Machine Learning for Geoscience glossary

Clear, one-line definitions of the Machine Learning for Geoscience terms used across the OgbonLab textbooks. Each entry links to the interactive sections where the idea is taught.

7 terms
forward operator
The mapping F from model parameters m to predicted data d = F(m); the simulator that the inverse problem inverts.
lithology prediction
Predicting rock-type labels along a borehole from log measurements (GR, NPHI, RHOB, …) using classification or sequence models.

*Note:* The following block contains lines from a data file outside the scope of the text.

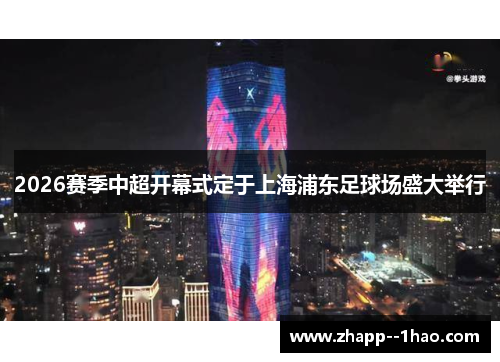 2026赛季中超开幕式定于上海浦东足球场盛大举行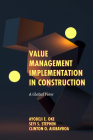 Value Management Implementation in Construction: A Global View By Ayodeji E. Oke, Seyi S. Stephen, Clinton Ohis Aigbavboa Cover Image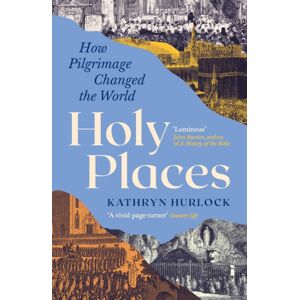 Profile Books Ltd Holy Places : How Pilgrimage Changed The World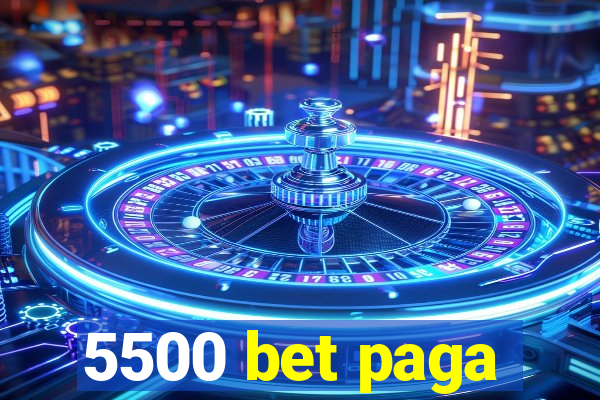 5500 bet paga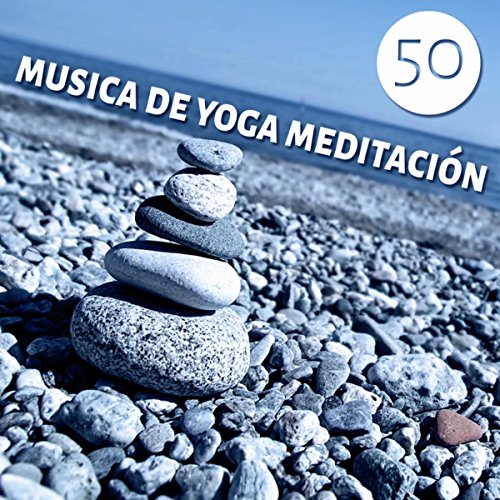 Musica de Yoga Meditación – 50 Canciones, Yoga Musica de Fondo, Meditación De Atención Plena, Sonidos De La Naturaleza Para Aliviar El Estré, La Mejor Música Relajante, Musicoterapia De Masaje Zen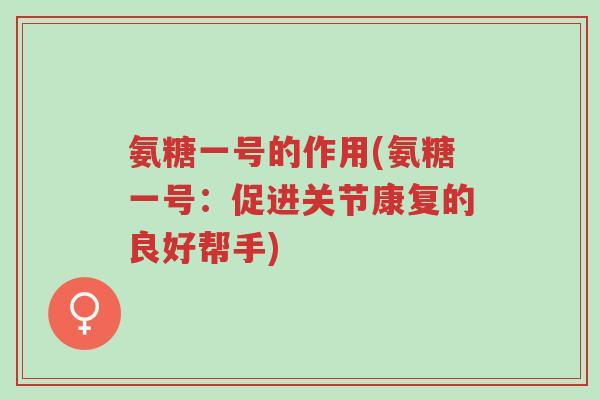 氨糖一号的作用(氨糖一号:促进关节康复的良好帮手)-第1张图片-超越 氨糖一号的作用(氨糖一号:促进关节康复的良好帮手)-第1张图片-超越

seismic facies classification
Clustering or supervised labelling of seismic traces by waveform shape or attribute vectors to delineate depositional units.
variety
One of the big-data 4 Vs: the diversity of data types and sources (tabular, image, text, sensor) that must be combined.
veracity
One of the big-data 4 Vs: the reliability and uncertainty of the data, reflecting noise, missing values, and provenance issues.
volume
One of the big-data 4 Vs: the sheer scale of a dataset, often too large for a single machine to hold or process in memory.
See: Sum the Volumes, Bulk-Volume Water
well log
A continuous measurement along a borehole (gamma ray, density, neutron, resistivity, sonic, …); the primary feature stream for ML-geophysics tasks.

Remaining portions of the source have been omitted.